** What this task involves **
Pictures are to be omitted; everything else in the data must be transcribed exactly.

** Working data **
_____

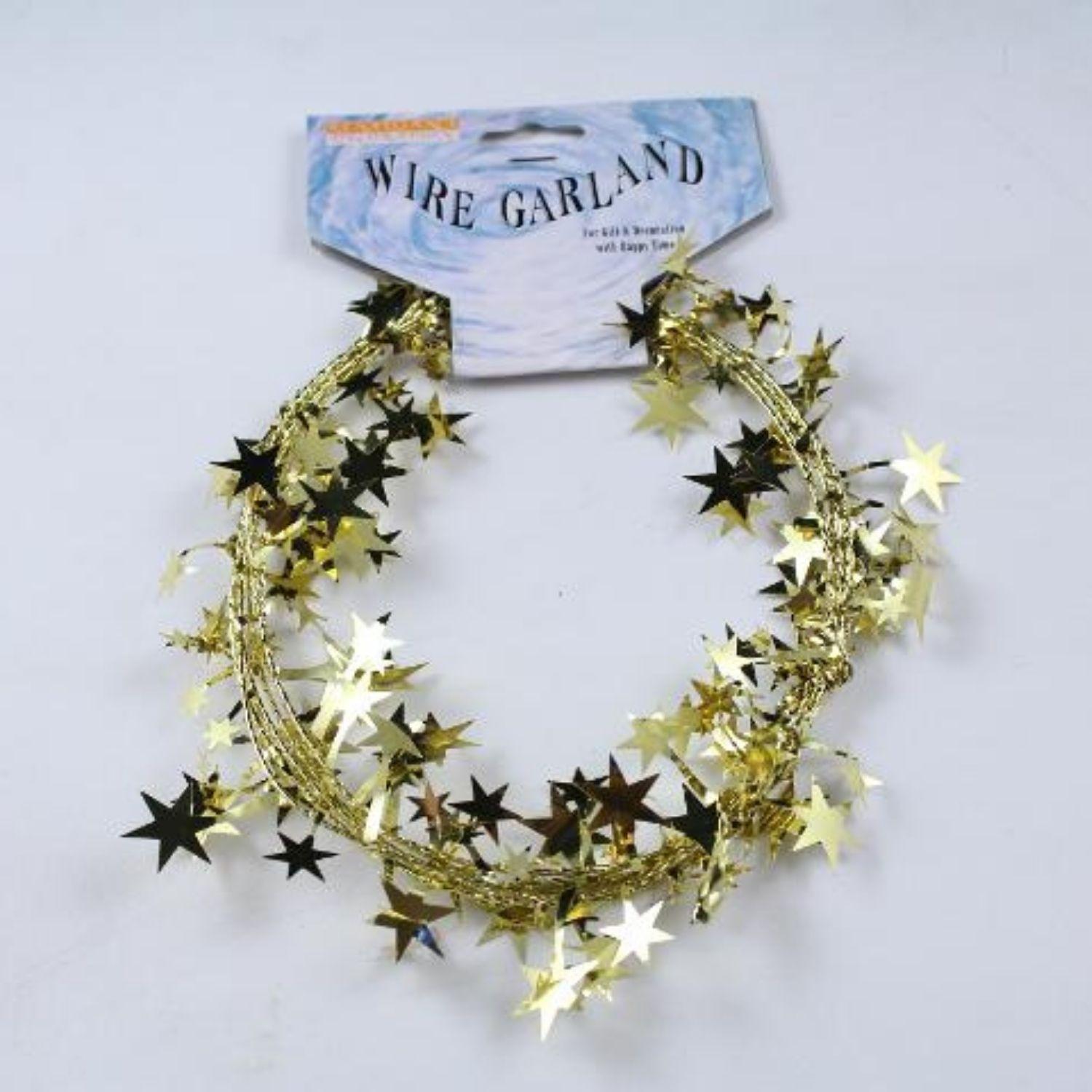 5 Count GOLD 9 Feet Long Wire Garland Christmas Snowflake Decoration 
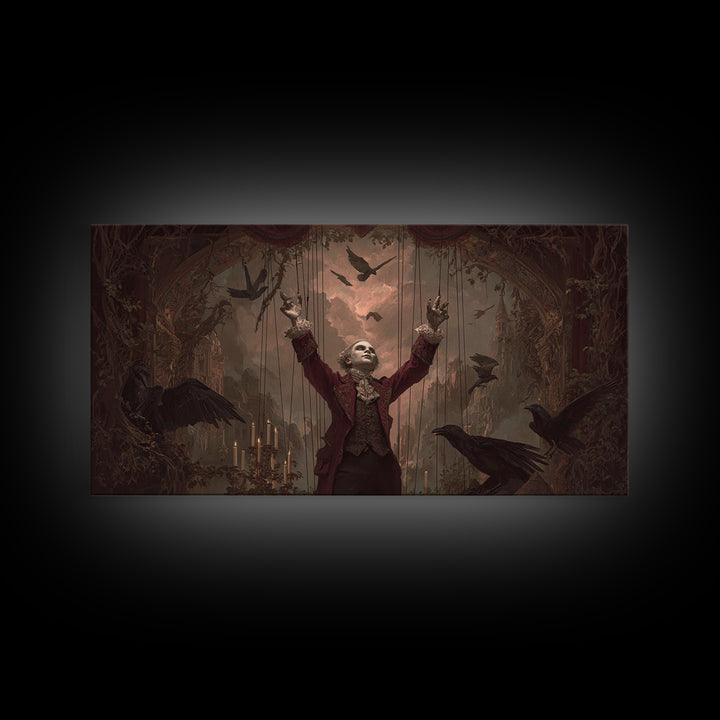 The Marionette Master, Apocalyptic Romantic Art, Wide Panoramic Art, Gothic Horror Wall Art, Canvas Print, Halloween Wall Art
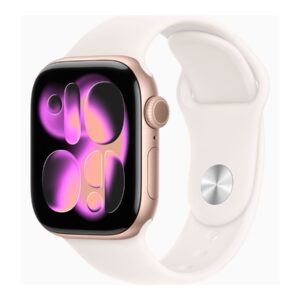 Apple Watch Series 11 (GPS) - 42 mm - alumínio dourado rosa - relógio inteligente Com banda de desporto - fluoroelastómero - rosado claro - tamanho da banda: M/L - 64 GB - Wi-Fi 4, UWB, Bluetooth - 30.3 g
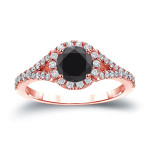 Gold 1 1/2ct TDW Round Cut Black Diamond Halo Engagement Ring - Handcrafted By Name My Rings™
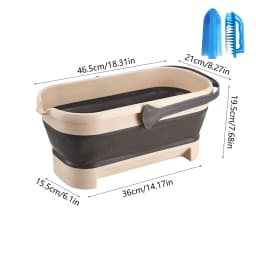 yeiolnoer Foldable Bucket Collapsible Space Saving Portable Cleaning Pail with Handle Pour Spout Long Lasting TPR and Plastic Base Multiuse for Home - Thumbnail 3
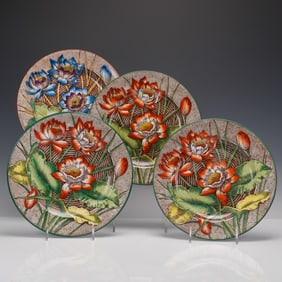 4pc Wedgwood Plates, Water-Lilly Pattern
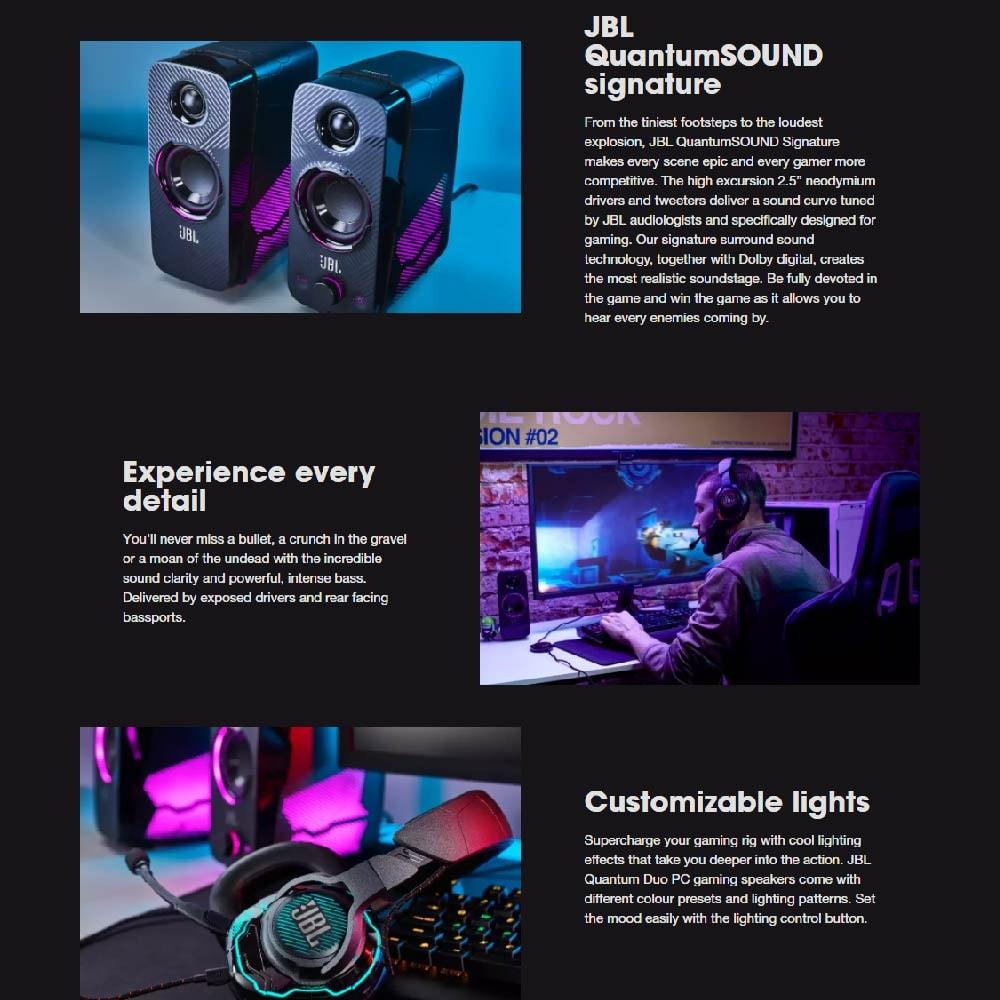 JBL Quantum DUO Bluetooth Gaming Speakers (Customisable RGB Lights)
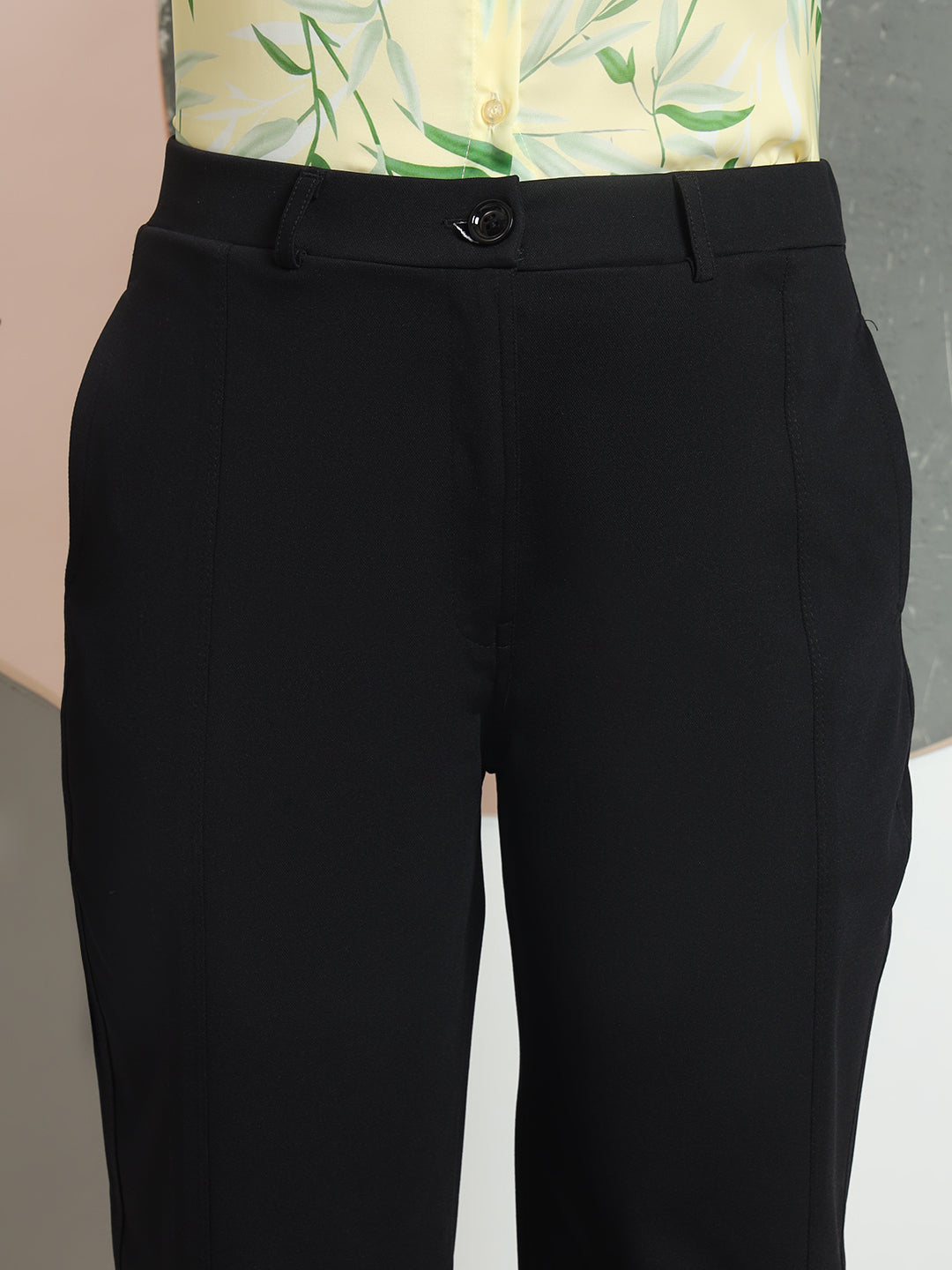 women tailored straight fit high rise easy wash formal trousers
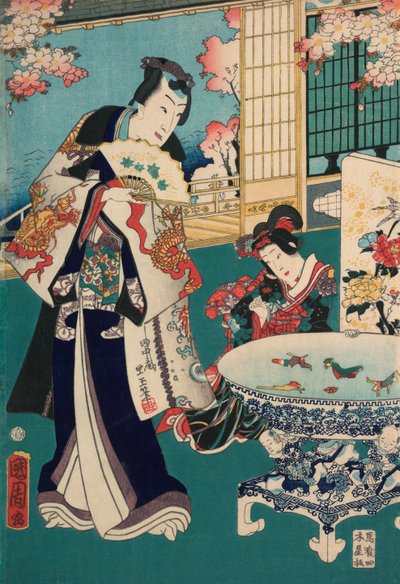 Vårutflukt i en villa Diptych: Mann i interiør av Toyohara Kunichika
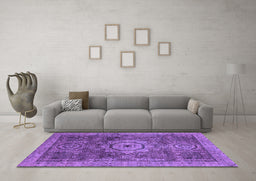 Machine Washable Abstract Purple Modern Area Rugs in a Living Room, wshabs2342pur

_____

** Expected answer **
 5 Count GOLD 9 Feet Long Wire Garland Christmas Snowflake Decoration 
 The Marionette Master, Apocalyptic Romantic Art, Wide Panoramic Art, Gothic Horror Wall Art, Canvas Print, Halloween Wall Art
 Apple Watch Series 11 (GPS) - 42 mm - alumínio dourado rosa - relógio inteligente Com banda de desporto - fluoroelastómero - rosado claro - tamanho da banda: M/L - 64 GB - Wi-Fi 4, UWB, Bluetooth - 30.3 g
 Gold 1 1/2ct TDW Round Cut Black Diamond Halo Engagement Ring - Handcrafted By Name My Rings™
 yeiolnoer Foldable Bucket Collapsible Space Saving Portable Cleaning Pail with Handle Pour Spout Long Lasting TPR and Plastic Base Multiuse for Home - Thumbnail 3
 4pc Wedgwood Plates, Water-Lilly Pattern
 JBL Quantum DUO Bluetooth Gaming Speakers (Customisable RGB Lights)
 women tailored straight fit high rise easy wash formal trousers
 Vårutflukt i en villa Diptych: Mann i interiør av Toyohara Kunichika
 Machine Washable Abstract Purple Modern Area Rugs in a Living Room, wshabs2342pur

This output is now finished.